Ok guys, as well as my horticultural interests, I also keep coral reef aquariums. As I was thinking about my reef hobby the other day, it occurred to me that I have a controller on my reef that monitors water parameters and then automatically turns on and off different pieces of equipment in order to keep my parameters within the desired range I want. Do they make a unit like this that could measure humidity in a tent/grow room? A unit that could monitor both temperature and humidity would be awesome. If said controller could then switch on or off humidifiers, dehumidifiers, and fans to maintain the desired levels. Does such a controller exist? If so, how much do they go for and what are they called?  Thanks.


----------



## Growdude (Dec 27, 2018)

https://growgps.com/products/chhc4i/
Controls Temps/humidity and Co2 level


----------



## pcduck (Dec 27, 2018)

https://www.plantlightinghydroponics.com/products/atmosphere-controls/master-controllers.html


The one I use controls co2, temps, and humidity


----------



## Squatchbud (Dec 27, 2018)

PC, how do you like it? Is it worth the cost? Is it reliable? I am considering one, but I wanna hear from people that use them first.


----------



## pcduck (Dec 27, 2018)

Definitely needed if running co2.
Not so much if not, but the plants seem to enjoy the stable environment.

I like mine.


----------



## Squatchbud (Dec 27, 2018)

Good to know. After I get a grow or two under my belt and start using CO2, I'll have to get one. Thanks.


----------



## Growdude (Dec 28, 2018)

Is that place still in business ?
Still buy from them?
They still owe me.


----------



## pcduck (Dec 28, 2018)

@Growdude 

I'm not sure if open or not. I haven't had the need to purchase anything lately from them.


----------



## Rjb (Jun 28, 2019)

I no its not really what your asking but what about the northern lights grow boxs


----------



## stinkyattic (Sep 9, 2019)

There are also controllers to monitor and automatically adjust reservoir pH. I use these at work for a flow through wastewater treatment system, and at my previous job for industrial fish tanks. Yes there are industrial fish tanks, it's a thing, and I have swum in them (with the fish, no less, eww, no wetsuit, no scuba gear, absolutely disgusting) more times than I'd like to remember. Seriously it's the stuff of nightmares and definitely violates OSHA confined space entry regs. Worst job I've ever had. And I've had some doozies.

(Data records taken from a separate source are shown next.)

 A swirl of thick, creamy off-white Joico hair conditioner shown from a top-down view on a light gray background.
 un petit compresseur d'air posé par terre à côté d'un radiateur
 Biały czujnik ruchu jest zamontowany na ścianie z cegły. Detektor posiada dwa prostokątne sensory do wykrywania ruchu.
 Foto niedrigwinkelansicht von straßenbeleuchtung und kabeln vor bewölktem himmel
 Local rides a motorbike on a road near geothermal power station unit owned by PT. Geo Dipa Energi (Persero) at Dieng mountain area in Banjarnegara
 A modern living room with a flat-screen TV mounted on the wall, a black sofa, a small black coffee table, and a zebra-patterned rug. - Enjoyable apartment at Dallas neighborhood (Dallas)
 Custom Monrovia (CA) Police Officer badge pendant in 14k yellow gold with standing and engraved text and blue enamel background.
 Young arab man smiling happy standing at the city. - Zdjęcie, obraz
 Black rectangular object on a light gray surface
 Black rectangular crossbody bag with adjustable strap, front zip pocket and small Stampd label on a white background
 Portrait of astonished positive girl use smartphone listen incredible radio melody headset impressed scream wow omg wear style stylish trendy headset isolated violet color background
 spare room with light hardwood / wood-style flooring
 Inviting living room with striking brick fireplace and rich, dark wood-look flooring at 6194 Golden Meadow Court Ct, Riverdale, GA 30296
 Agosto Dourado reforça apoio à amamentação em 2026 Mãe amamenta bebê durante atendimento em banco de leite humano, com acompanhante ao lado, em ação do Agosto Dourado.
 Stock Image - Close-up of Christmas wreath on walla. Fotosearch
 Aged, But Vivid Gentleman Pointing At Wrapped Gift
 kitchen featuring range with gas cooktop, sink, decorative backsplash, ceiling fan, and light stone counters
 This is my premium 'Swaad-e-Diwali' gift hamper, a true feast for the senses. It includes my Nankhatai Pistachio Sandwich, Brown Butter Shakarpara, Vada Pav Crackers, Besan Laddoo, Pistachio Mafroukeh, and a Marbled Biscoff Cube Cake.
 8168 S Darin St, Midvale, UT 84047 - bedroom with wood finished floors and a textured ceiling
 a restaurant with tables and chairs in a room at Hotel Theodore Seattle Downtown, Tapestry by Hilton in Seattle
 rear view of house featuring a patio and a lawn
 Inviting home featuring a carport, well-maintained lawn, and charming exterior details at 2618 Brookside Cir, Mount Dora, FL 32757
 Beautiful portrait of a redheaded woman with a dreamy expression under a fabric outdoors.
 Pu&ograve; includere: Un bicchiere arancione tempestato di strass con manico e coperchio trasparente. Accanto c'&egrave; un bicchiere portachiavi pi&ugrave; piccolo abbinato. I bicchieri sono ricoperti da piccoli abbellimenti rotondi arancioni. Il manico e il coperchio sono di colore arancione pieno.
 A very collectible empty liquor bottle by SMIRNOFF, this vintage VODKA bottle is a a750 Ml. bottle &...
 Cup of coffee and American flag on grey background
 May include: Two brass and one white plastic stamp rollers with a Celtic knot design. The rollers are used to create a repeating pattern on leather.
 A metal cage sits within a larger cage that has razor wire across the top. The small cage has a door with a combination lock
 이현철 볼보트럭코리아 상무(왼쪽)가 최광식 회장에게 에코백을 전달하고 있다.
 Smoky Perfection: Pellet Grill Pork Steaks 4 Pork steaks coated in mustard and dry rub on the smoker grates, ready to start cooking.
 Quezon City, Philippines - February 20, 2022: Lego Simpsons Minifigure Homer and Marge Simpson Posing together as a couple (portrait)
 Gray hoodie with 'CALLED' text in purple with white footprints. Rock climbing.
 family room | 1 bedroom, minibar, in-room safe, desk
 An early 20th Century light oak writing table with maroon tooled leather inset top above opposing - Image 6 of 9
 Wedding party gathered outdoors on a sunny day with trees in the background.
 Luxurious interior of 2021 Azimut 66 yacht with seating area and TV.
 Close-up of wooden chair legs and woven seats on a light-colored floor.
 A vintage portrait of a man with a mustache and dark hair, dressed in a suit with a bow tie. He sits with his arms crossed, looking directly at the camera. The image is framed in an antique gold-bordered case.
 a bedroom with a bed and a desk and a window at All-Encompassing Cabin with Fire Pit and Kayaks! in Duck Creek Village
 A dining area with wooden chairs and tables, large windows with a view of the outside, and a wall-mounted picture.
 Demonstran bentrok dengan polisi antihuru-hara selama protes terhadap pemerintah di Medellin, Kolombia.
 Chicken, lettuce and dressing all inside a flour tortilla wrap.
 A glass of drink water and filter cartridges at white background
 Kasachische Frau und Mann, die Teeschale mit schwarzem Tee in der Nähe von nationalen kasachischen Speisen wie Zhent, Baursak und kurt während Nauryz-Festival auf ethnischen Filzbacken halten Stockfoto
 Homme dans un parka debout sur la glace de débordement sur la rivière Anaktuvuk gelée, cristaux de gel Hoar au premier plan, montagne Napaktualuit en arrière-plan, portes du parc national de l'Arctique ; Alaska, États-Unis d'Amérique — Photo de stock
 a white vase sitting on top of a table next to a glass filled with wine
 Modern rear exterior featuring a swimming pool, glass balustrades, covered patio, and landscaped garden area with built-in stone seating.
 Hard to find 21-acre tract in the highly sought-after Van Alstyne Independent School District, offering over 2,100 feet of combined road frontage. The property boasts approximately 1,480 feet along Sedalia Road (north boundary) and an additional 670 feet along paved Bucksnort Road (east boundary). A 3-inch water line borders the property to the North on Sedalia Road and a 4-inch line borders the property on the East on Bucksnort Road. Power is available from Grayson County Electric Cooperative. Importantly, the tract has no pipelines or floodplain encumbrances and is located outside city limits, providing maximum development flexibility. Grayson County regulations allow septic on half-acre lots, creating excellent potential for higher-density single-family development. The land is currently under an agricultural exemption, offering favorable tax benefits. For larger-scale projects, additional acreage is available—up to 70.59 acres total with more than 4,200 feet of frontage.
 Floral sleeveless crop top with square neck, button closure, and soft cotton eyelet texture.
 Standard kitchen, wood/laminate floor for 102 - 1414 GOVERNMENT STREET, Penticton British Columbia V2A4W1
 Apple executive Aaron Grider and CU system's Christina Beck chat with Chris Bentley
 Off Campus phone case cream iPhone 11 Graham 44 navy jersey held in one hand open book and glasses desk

The basic principle is you've got a probe in the tank, which needs to be cleaned every couple days, hooked to a controller (preferably also to an alarm) where you set high/low parameters. Then the controller outputs to a dosing pump which controls a feed from a chemical reservoir. 

Since you probably already know which way you'll drift, you choose either pH up or pH down. A two pump system is much more costly and a bigger PITA to operate.

Let's say your res drifts down over time. You'd choose pH up, and set your parameters to dose when the pH falls below say, 6.4, and to shut off at 6.8 (this is just an example). When the probe input to the controller falls below setpoint, the controller calls for some caustic and activates the pump. Usually this would be a peristaltic pump which is quiet and low flow. It pumps in some solution and shuts off when it hits the setpoint.

I have seen these systems fail catastrophically resulting in Very Bad Things. They need to be cleaned and inspected daily, and you need some type of constant mixing in the res to make them accurate. 

For a home grower it's more expense and headache than it's worth. You'd see a setup like this in a larger commercial operation with a daily inspection log to confirm someone has been wiping volume off the probe and calibrating the controller.


----------